I understand what @funkathustra are doing, my issue is that I don't know how to "view" a return in C. So how would I inspect your error variable. I know this is very simple to do, I just can't find it online (probably because it's so basic).
Do you understand, though?
uint8_t error = someFunction();
if(error) ....
You realize that "error" is an 8-bit unsigned variable that holds the "return code" right? You can set a break point on that line, and the moment you step over it (to the next line), the "error" variable will contain the result of someFunction() executing. You said you're not familiar with C — if you come from a high-level language like C#/Java/etc, you're probably thinking of exceptions or something like that; C has no exceptions.
The only thing a function can return is a return value, and you can read this value and assign it to a variable in your source code, as I do above. Once it's assigned to a variable, it will occupy memory, and your debugger can inspect it.
Having said all that....Can we just go big-picture for a second?
Don't take this the wrong way, but you don't seem to really have any idea what you're doing or why you're doing it.

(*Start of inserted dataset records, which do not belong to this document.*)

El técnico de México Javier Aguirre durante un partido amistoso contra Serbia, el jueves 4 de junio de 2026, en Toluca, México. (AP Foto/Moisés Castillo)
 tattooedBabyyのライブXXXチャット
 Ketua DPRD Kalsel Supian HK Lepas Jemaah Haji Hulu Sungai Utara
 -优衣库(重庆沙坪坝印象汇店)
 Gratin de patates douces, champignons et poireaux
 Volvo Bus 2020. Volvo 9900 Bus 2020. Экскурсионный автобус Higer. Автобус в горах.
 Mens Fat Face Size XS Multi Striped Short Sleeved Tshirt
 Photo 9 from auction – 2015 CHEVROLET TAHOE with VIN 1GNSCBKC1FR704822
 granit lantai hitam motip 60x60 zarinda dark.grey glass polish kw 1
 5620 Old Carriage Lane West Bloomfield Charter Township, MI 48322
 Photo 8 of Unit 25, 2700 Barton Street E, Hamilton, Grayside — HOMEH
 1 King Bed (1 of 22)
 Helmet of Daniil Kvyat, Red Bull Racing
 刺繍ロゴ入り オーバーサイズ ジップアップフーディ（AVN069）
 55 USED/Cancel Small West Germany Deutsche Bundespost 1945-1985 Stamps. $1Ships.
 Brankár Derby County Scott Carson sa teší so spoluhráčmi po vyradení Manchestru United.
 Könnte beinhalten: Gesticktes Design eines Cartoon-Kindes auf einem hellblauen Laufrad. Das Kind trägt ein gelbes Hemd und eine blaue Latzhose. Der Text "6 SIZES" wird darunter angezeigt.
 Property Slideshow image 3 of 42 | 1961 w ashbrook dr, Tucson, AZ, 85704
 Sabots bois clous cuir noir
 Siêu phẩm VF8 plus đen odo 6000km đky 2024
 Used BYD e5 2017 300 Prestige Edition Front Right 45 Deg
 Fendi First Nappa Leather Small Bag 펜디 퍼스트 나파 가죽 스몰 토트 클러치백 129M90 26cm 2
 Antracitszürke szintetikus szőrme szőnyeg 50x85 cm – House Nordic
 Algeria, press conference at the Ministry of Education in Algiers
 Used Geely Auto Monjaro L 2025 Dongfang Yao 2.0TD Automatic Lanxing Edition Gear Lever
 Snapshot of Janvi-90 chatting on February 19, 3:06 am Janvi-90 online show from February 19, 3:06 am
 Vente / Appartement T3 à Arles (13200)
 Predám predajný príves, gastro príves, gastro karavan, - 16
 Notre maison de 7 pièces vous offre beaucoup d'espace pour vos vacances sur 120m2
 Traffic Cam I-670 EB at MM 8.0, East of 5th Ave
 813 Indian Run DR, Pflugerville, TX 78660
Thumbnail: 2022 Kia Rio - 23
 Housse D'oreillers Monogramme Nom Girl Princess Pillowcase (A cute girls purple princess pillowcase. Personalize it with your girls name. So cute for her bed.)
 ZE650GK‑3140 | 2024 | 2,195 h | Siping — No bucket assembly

You don't seem to be interested in these individual lines of code and what they do (since all you're doing is copying-pasting stuff around into a big mess). I want to pause and say there's absolutely nothing wrong with that, by the way. I'm just stating an observation.
Microcontrollers have registers. Lots of registers. Registers for the SERCOM modules, for the timers, for the GPIO, and for everything else on the chip. You manipulate the bits in the registers to do what you want to do.
You can keep the
SAM D21 datasheet up on your screen, and use the debugger to inspect the peripheral registers to ensure that the correct bits are getting set and cleared for the operations you're trying to perform, as you walk through your code. But you need to know what to
expect to see, at the register level. When you mux the proper pins to the UART, what are the register values you
expect to see? Does it match what your debugger says the actual bits are?
At a very low level, this is how professional embedded developers like us can write and debug this sort of code.
Since you seem more interested in
results, can I recommend you just use
Atmel START? It's an online code-gen tool that will create all your initialization code for you, and provide high-level functions that you can use to get stuff done. It has a pin-mux tool that will let you assign UARTs or I2C pins where you want them, as well as initialize them with proper baud rate settings. You'll also get nice, high-level functions for interacting with them.
I do a ton of consulting work for start-ups and smaller companies, and everyone uses these tools all the time for "basic plumbing" of an application; just to get something up and running to show the boss. Sure, @ataradov will mention that some of these libraries of bugs in them, and some of them are slow — all true. But they *
generally* work well, and they *
generally* let you get away from the nitty-gritty details of your chip, which most people honestly aren't interested in anyway.
I've been in discussions with @ataradov on these forums about this stuff before, and while we agree on a lot of embedded stuff, we have very different perspectives on these things — he's very much opposed to peripheral libraries and code configurators and I think debuggers as well.
I have to disagree with him on those points. It totally depends on the user. Personally, I have no problem working at the register level of modern ARM microcontrollers, but for hobbyists and new users who aren't $200-an-hour embedded engineers, that might not be feasible. That's why I highly recommend code configurator tools — especially for basic projects and when working on parts that need a lot of TLC to get up and running (like an ARM microcontroller or any modern 8-bit or 16-bit device with clock gating, pin muxing, etc).
And I think his recommendation to use pin-toggling instead of a debugger is fucking ridiculous. Debuggers let you step through your code entirely while you're observing
all the peripheral registers of a CPU. It's great for debugging, but it's also great for learning, since you can see exactly what each function is doing to the bits in all the registers.
I think people like @ataradov have a much higher tolerance for dealing with a steep learning-curve when using a new microcontroller than I have, so they're fine with sitting around wiggling pins, seeing if a bit got set or not. No offense to @ataradov, but it also feels like kind of an old-timer "well, this is how I learned it, and it was good enough for me, so it's good enough for you" sort of attitude.
I have no patience for that, so I'm always using a debugger when bringing up a chip and getting peripherals working. Once you know a microcontroller (and a set of peripheral libraries) really well, then sure, you don't need a debugger constantly attached to your system (but since modern MCUs are programmed through the same connection, there's really no difference).
Anyway, please, continue using it, as it's a great tool — at all levels of development.